His first tenet: “If fertilizer is recommended by soil test results, then fertilizer should either be applied directly to the soybeans or indirectly by increasing fertilizer rates to another crop in the rotation by the amount needed for the soybeans.” Use a soil test to decide how much of the nutrients you will need, focusing on phosphorus (P), potassium (K), sulfur (S), zinc (Zn) and boron (B). Some agronomists would add: don’t forget manganese and iron.
His second tenet: “The most consistent response to starter fertilizer with soybeans would be on soils very deficient in one of the nutrients (P, K, S, Zn, B) or in very high-yield-potential situations where soils have low or medium fertility levels.” Those numbers are usually less available in the spring when soils are cool and moist, mineralization hasn’t kicked in, and roots are too small and can’t yet access the supply of nutrients in the soil.
The third tenet: “Banding fertilizer to the side and below the seed at planting is an efficient application method for soybeans.
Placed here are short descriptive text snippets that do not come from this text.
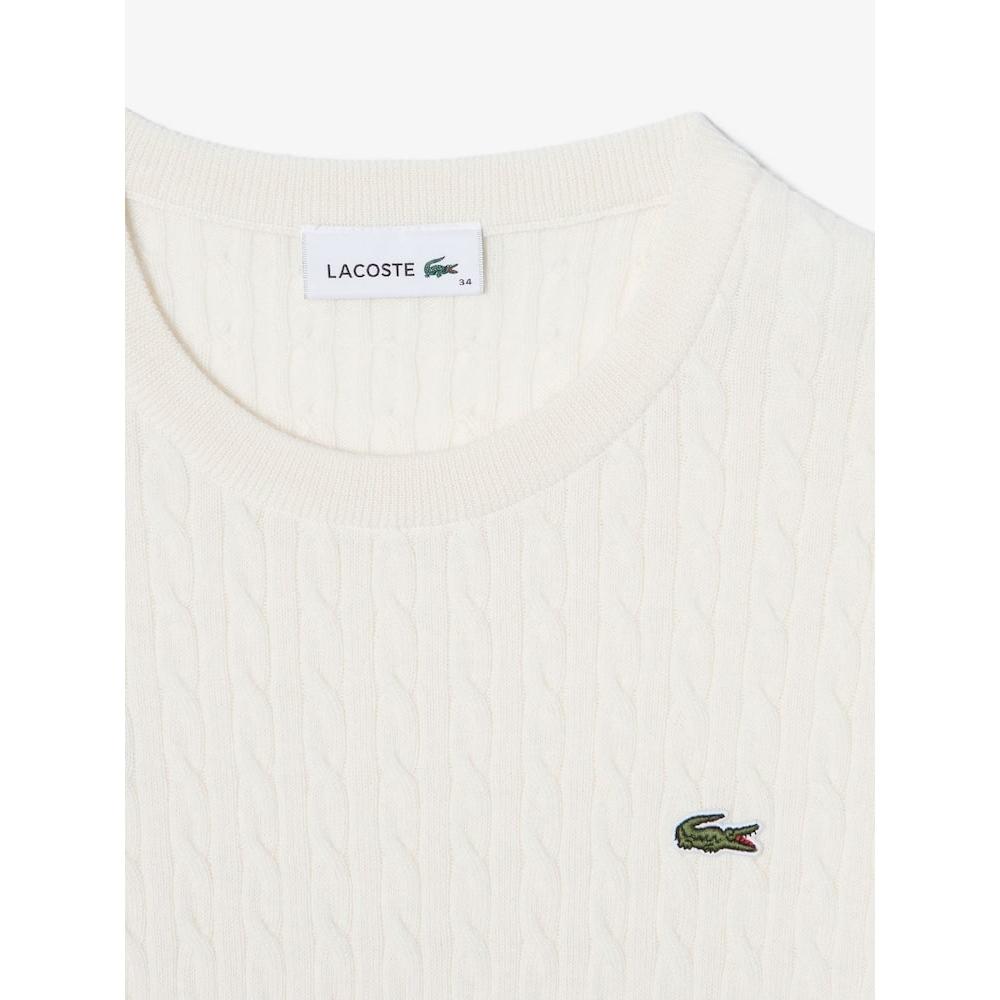 Lacoste Женский свитер с кабельным узором и круглым вырезом Af073e 54n Xfj q2nAf073e 54nXfj
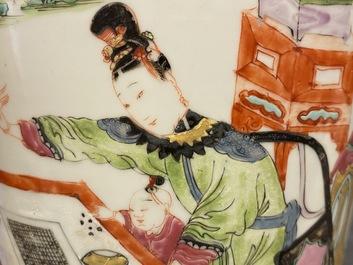 A Chinese famille rose vase with ladies playing go, Yongzheng
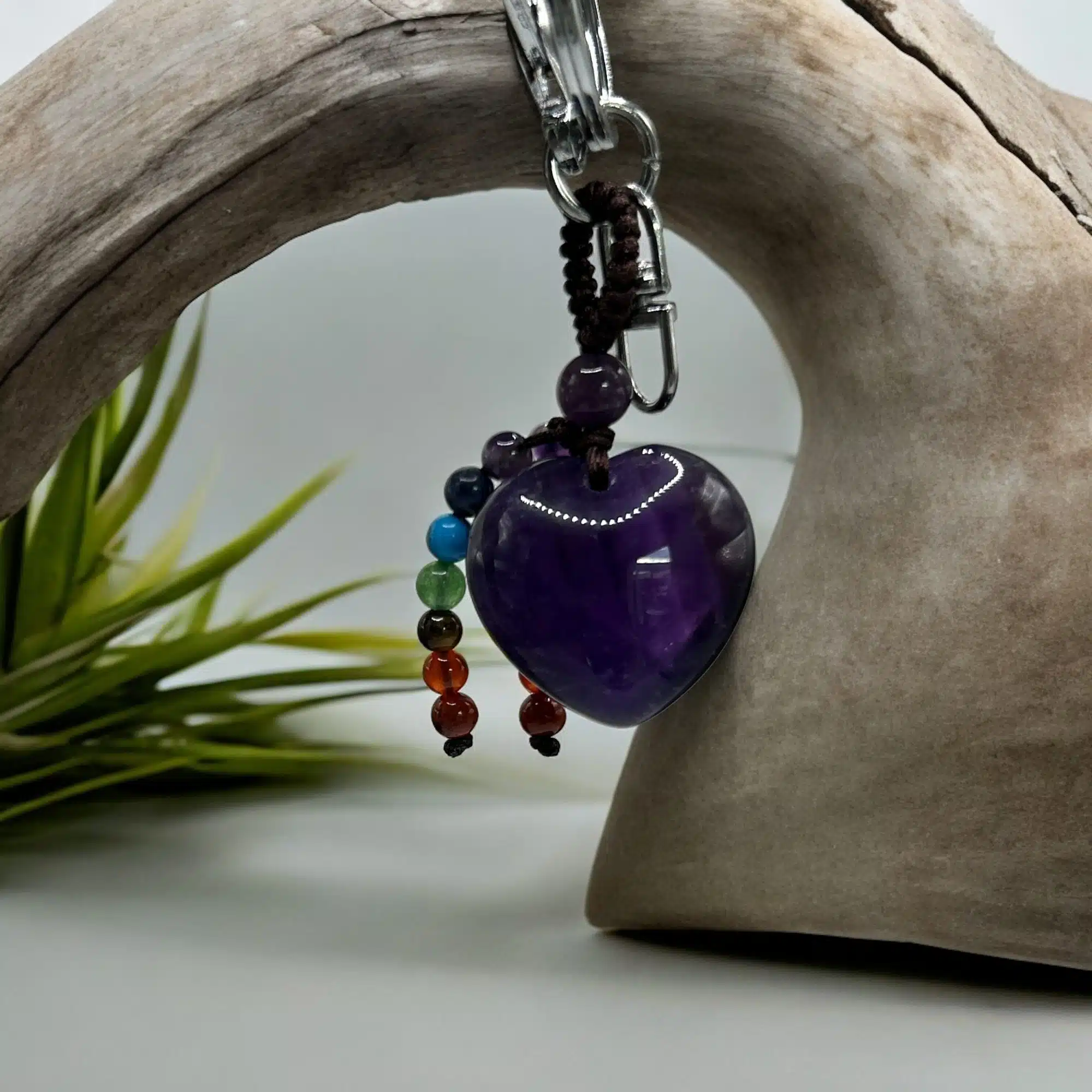 Porte-Clés Coeur et 7 Chakras - Améthyste – Image 3
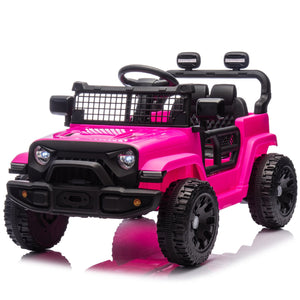 English Elm 24v Kids Ride on Car with Parental Remote Four Wheel Suspension Led Lights Bluetooth Pink W1578P235081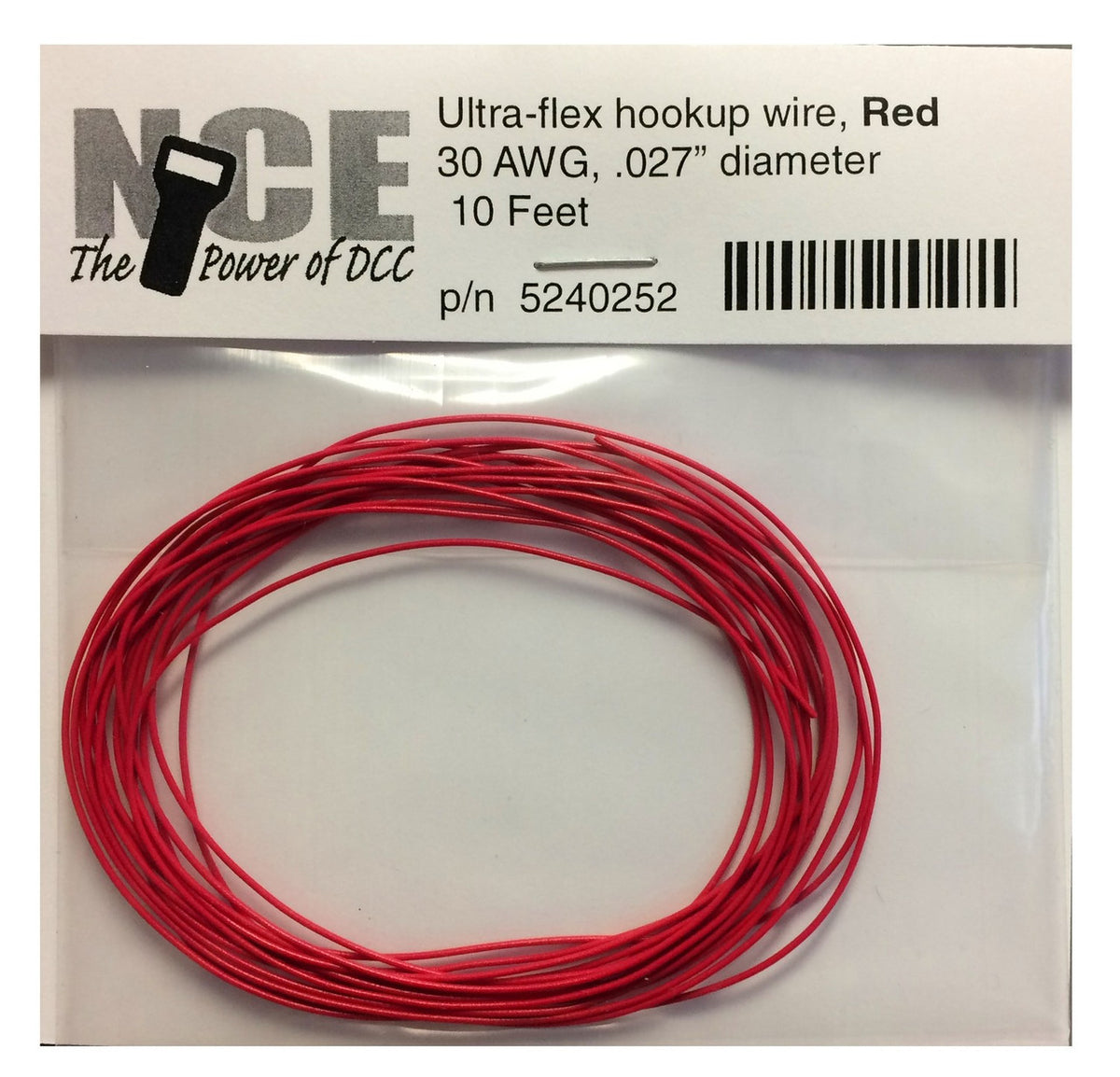 NCE DCC 5240252 10' of 30 Gauge Wire, Red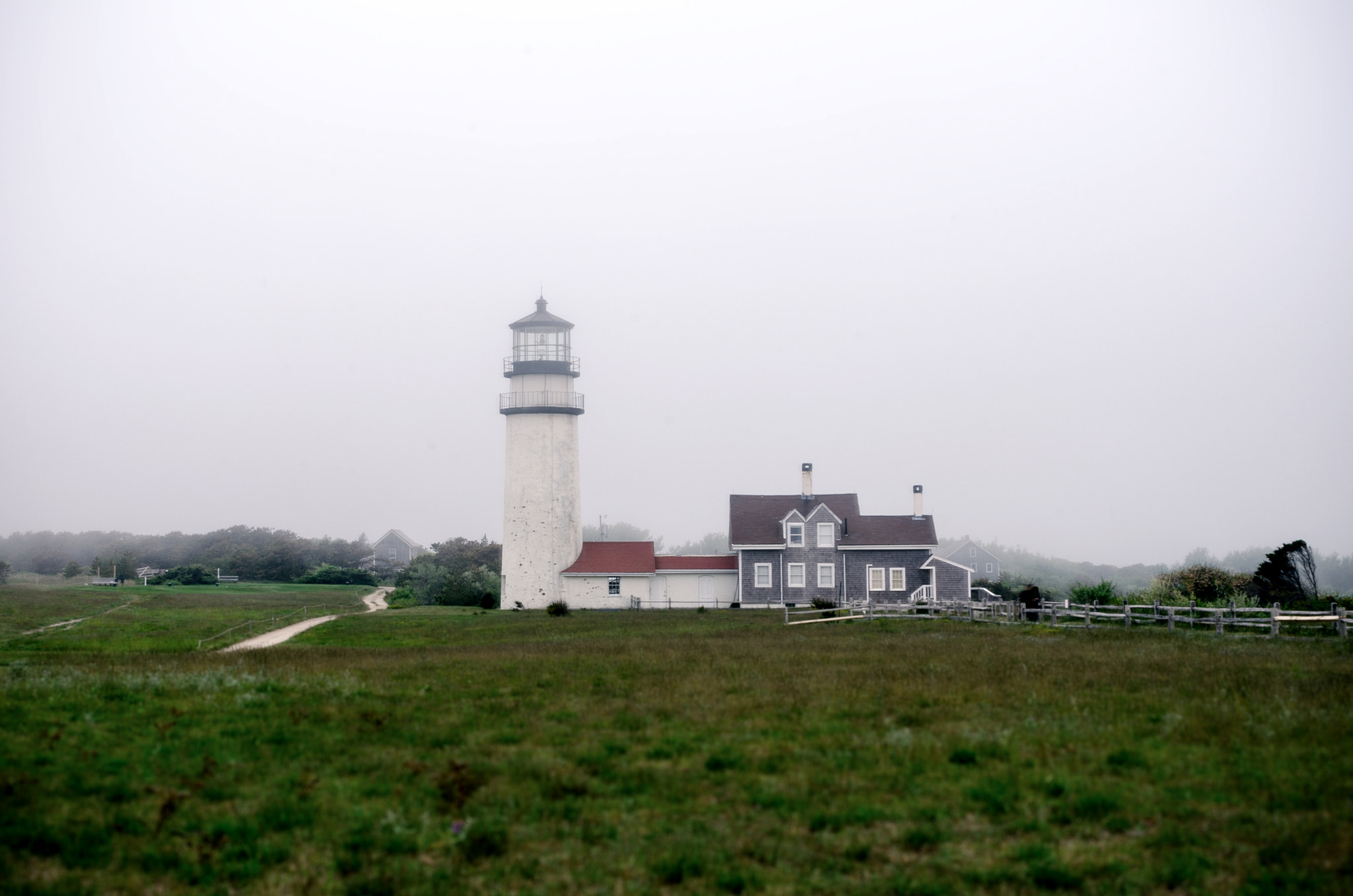 Nikon D7000 + Nikon AF Nikkor 24mm F2.8D sample photo. Cape cod lighthouse in fog photography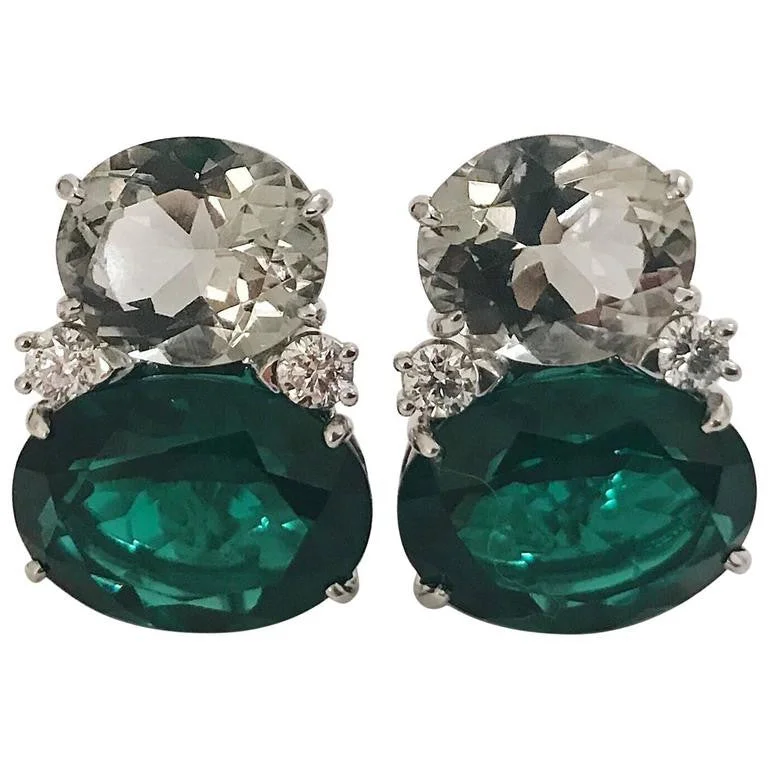 Deco style earrings-Large GUM DROP™ Green Amethyst and Green Topaz and  Diamond Earrings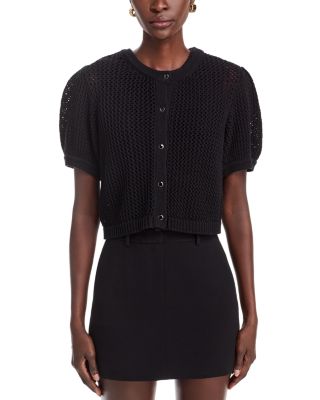 Samantha Crochet Cropped Cardigan Sweater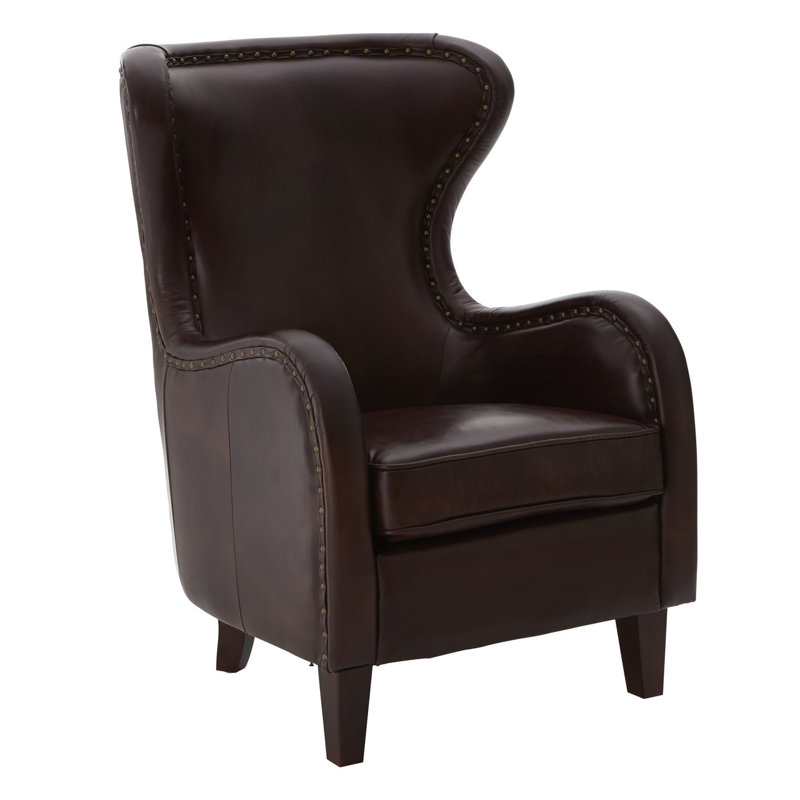 Elliana Leather Wingback Chair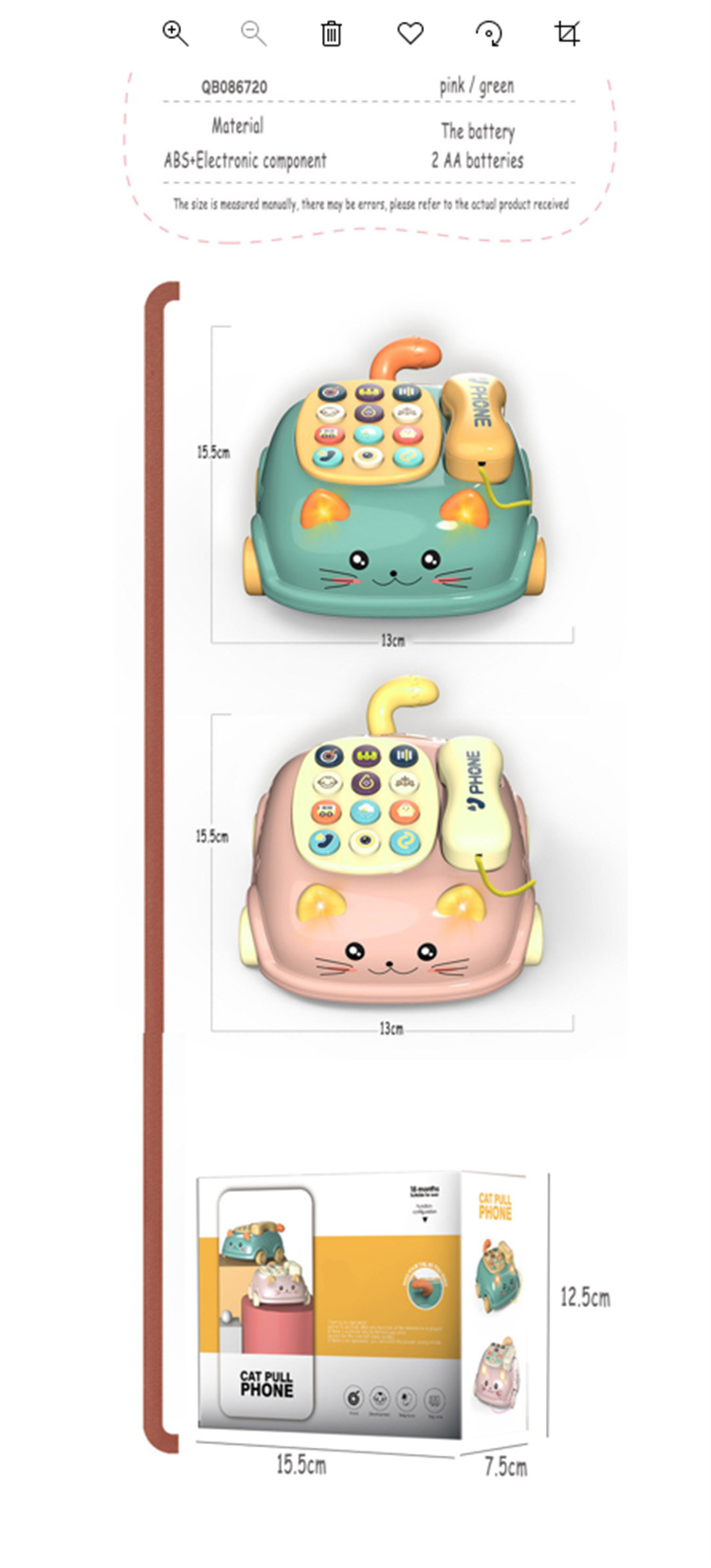 Telefon Auto Spielzeug Kinder Cartoon Multifunktions Zug Linie Katze Telefon niedliche Simulation zweisprachige Geschichte Maschinenspielzeug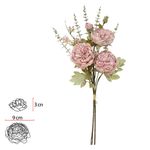 Buquê Peonia Ramalhete c/ Fita Rosa Outono 60cm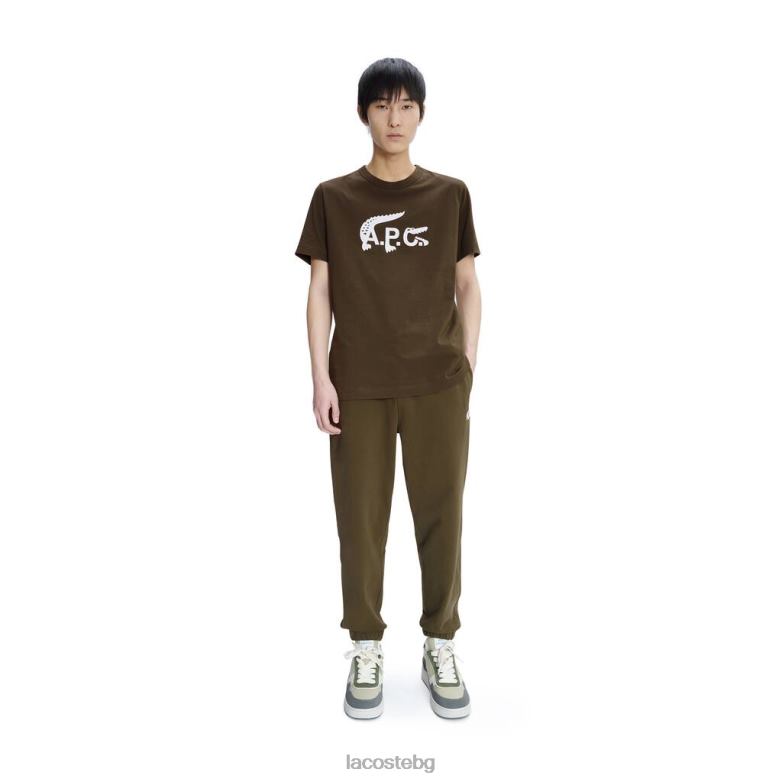 мъже Lacoste x A.P.C. каки зелено памучни анцузи от полар облекло XTV621196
This method is especially useful in reduced-till or no-till soybeans because P and K have only limited mobility into the soil from surface broadcast applications.” In no-till soils, placing a band of immobile nutrients near the seedling roots gives them earlier access to these nutrients until roots develop.
Their fourth tenet: “Fertilizer should not be placed in-furrow in direct seed contact with soybeans because the seed is very sensitive to salt injury.” True, if you follow starter rates applied to corn. But if you keep the salt index down to 6 or 7 lbs. by applying 2 gallons of starter and diluting it out further with a couple gallons of water you won’t experience any injury.
My fifth tenet: “Don’t always expect a bump in yield.” Starters applied to corn or soybeans overcome short-term nutrient deficiencies at emergence or during cold springs and work well on some acres, but not necessarily on every acre in a field. But they can help get a crop off to an early and more consistent start in the spring, which it may benefit from later.
All the above tenets are true. However, in my experience the deciding three factors include: 1) is your planter equipped to apply starter, 2) do you mind the inconvenience of tendering starter and 3) is the risk of salt damage to seedlings believed to be too great.
So for those of you who applied starter in 2016, let’s hope you receive a financial benefit from your decision. And, despite the above, come 2017 I believe we’ll be having this same conversation all over again.